The Olaf/Otto character is just plain stupid. "Hi, I'm a psychopath who usually tortures women before sex, but for you, Anita, I will be a good boy. Let's give each other pet names." Laurell, honey, you can't spend all your time making him out to be a horror show creep in the other books to suddenly make him dating material in this one!
Then there are the cops who are overtly stereotyped. Fat dumb belligerent sheriff, crooked pretty boy murderous deputy, horny lesbian female cop. They get in their own way more than not. There was a start to a decent mystery here, but even in bum-f**k rural Michigan I can't buy it that the cops are this blind and stupid.
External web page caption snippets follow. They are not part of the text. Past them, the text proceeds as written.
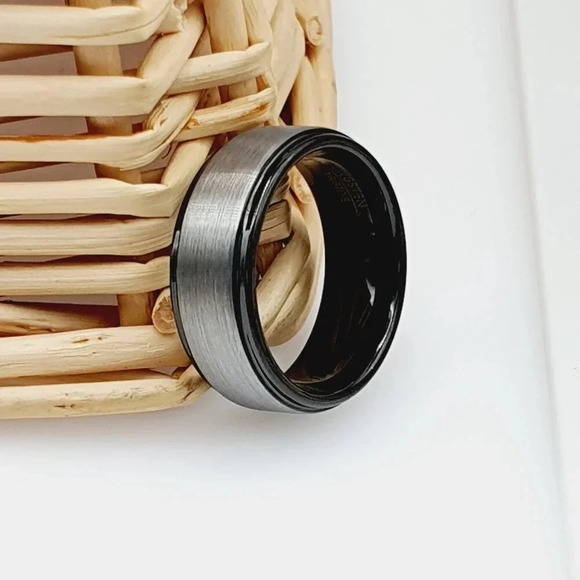 "Two Tone Tungsten Wedding Ring for Men Women, GALTUN678 - Picture 4 of 5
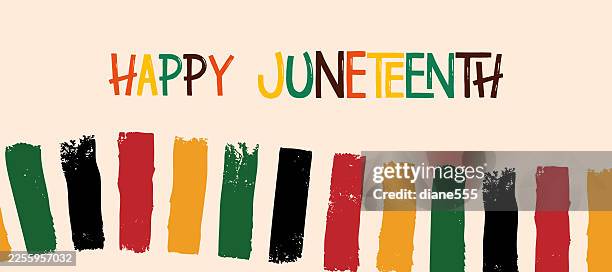 colorful juneteenth banner in a textured style - juneteenth stock illustrations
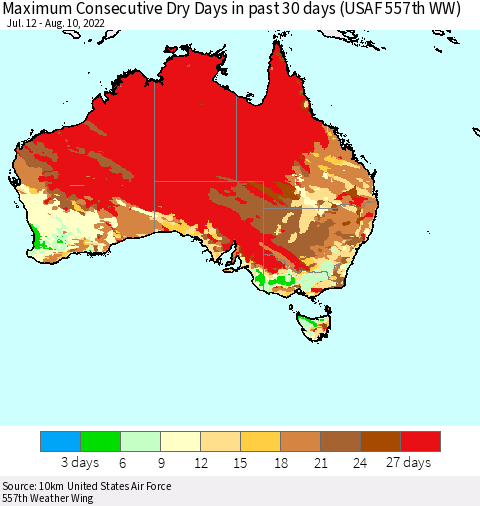 Australia Maximum Consecutive Dry Days in past 30 days (USAF 557th WW) 08/10/2022 Thematic Map For 8/6/2022 - 8/10/2022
I think the Anita character description is pure personal wish fulfillment on the part of the author. But it doesn't hold up. If she is still 30 something and so sexy, so very beautiful, and so very very well trained, why does she have to keep reminding the audience how awesome she is? About 40% of this novel is Anita's angst juxtaposed with her smarmy over confidence. And about one quarter of the way through the book I was already bored with the constant explanations and descriptions of the who's-who of Anita's polyamory chain. This book spent more time telling us about Anita's "awesomeness" than actually demonstrating any of it. She doesn't solve the mystery even with multiple suspects right under her nose. Then she ends up killing the guy who was framed for the murder! And now she's lining up to have sex with the constantly returning serial killer!
But you know what bothered me the most? Anita can raise the dead! Why did she not just raise the body in the morgue and ask him who sliced him up???
I don't know that I would have read this one if my library hadn't shoved it in my face. I know I won't look for any more of them. Sad. I used to look forward to Hamilton's work.